# Sauteing Ginger



## scott123 (Dec 23, 2003)

Anyone know what happens when you saute ginger too long? Not until it gets black but past tan. I could do it myself, but it would save me some time if someone else had tried it already.


----------



## cape chef (Jul 31, 2000)

What do you mean Scott?

Do you mean taste texure?


----------



## scott123 (Dec 23, 2003)

What does it taste like?

Does it get mellower? Does it get bitter? Does it get sweeter?


----------



## cape chef (Jul 31, 2000)

Scott,

I find that on high heat ginger will turn bitter (like garlic) if allowed to brown to far, on low heat however you will be able to exstract more of the gingers oils to infuse a dish.

I do not find ginger gets sweeter the longer it cooks because the flavor is in the oils and over cooking will turn it bitter.

I have never slow roasted ginger like garlic in an oven, maybe I should try that someday, but I believe theres just to much fiber to break down.


----------



## mezzaluna (Aug 29, 2000)

I wonder what the sugar content of ginger is? If it's high, I would think it would caramelize and therefore sweeten. Since it just burns and gets bitter, maybe the sugar content is low. I'll cruise around and see what I can find out.

*******
I discovered that 1 tablespoon has 3 effective carbs, so it's rather high in carbs. I wonder if it would caramelize at any temperature, given enough time. Another theoretical puzzle I'll leave to others to pursue.


----------



## barista (Jul 22, 2002)

Ginger is best sauteed at high heat to extract it's flavour. But you need not over-brown it.
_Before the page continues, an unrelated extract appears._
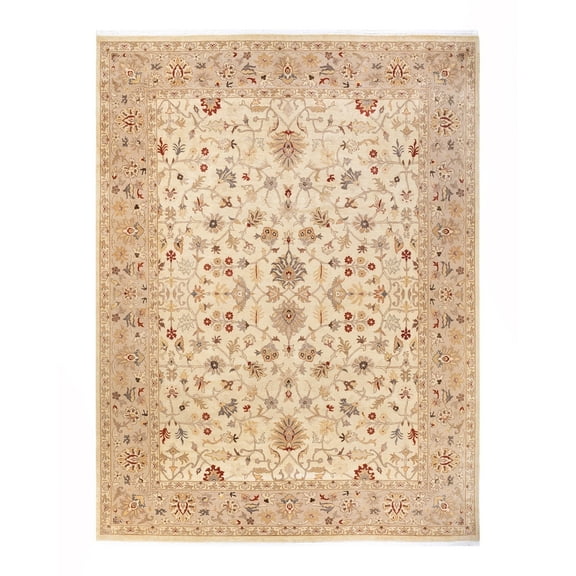 Hand-Knotted Wool Oriental Traditional Ivory Area Rug 9' 3" x 12' 3"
It is used this way to give stir-fried vegetables like choy sum, and kailan the kick. Used in quantities of a few good sized knobs, flattened by the blade of a chopper, and sauteed with sesame seed oil, it makes an excellent dish sitr-fried with chicken in balck sauce.


----------



## chefboy2160 (Oct 13, 2001)

Thanks barista for the tips. So typical in asian cuisine , high heat and fast infusion . A quick question for all ? Have you used crystalized ginger and if so in what applications ? 
Thanks , Doug............


----------



## barista (Jul 22, 2002)

Yes, fast is the word for Chinese stir-fried cooking, though there is the other extreme of slow, long double-boiling. The test for good stir-fry is that the ingredients, esp if it's veggies still have the snap when you bite into them.

Crystallised ginger as is referred to in Western cooking is not used in Asian cooking in general. The Chinese and Japanese use pickled ginger instead. This is used mainly as condiment to century eggs (see thread on congee) and in sushi/sashimi.


----------